01mvp-blog-starter
A ready-to-use personal blog system — get your own website up and running quickly.
Understand This Project in 30 Seconds
In one sentence: This is a personal blog website template — fork it, configure it, deploy it, and you have your own website.
Who is it for: Anyone who wants to build a long-term personal brand, write articles, and own their content. Whether you're a product manager, designer, indie maker, or content creator — if you want a website you fully control (independent of any platform), this template is for you.

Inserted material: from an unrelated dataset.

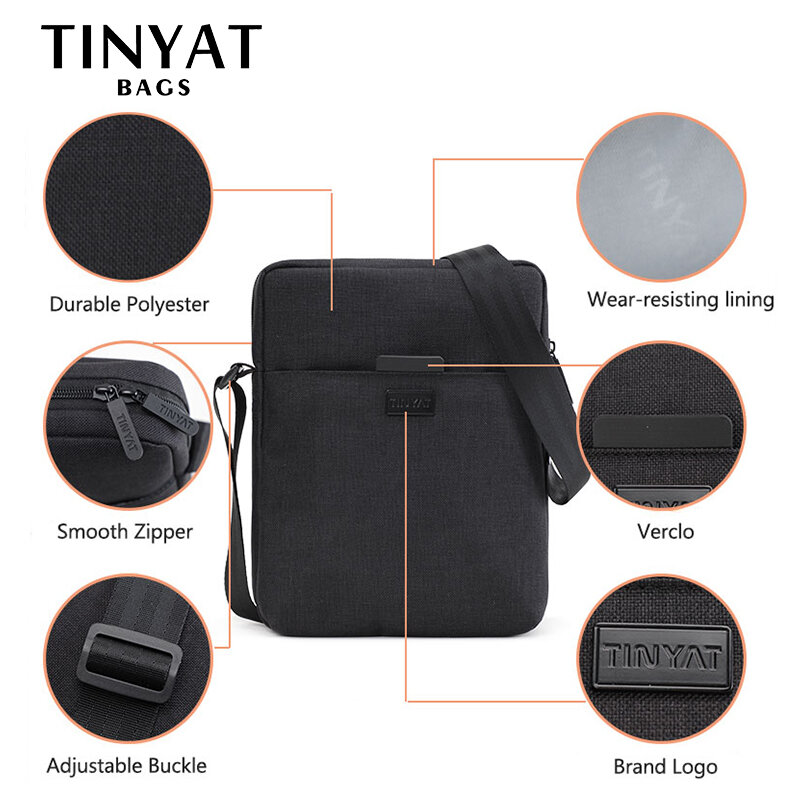 TINYAT Business Shoulder Bag For Men Work Canvas Husband Crossbody Bags Sling Bag Waterproof Man Shoulder Bag For 7.9' Ipad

What problem does it solve:
- Content on platforms like Medium, Substack, or social media doesn't truly belong to you — platforms can remove posts, throttle reach, or shut down
- Building your own website usually requires extensive technical knowledge
- This template packages the technical parts so you can focus on "what to write"
What Can This Website Do
Your website comes with two core areas by default. The key difference is how you manage them:
| Area | URL | Purpose | How you manage it |
|---|---|---|---|
| Blog | /blog | Write articles, receive reader comments | Write, draft, and publish from the /admin panel |
| Docs | /docs | Write product guides, tutorials, references | Maintain Markdown/MDX files in your Git repository |
Blog is for frequently updated content — today's thoughts, this week's recap, a new product announcement. It is a dashboard-managed dynamic content system for drafts, covers, comments, and publishing status.
Docs is for long-lived stable content — product manuals, tutorials, team guidelines. It is closer to an Obsidian-style local Markdown workflow: edit files in your own Git repository, commit them, and redeploy the site.
If you're unsure where a piece of content belongs, see the detailed Content Systems comparison.
Tech Stack Overview
You don't need to understand every item below. This is just to give you a rough picture. If a technical partner maintains your site, this information is useful for them.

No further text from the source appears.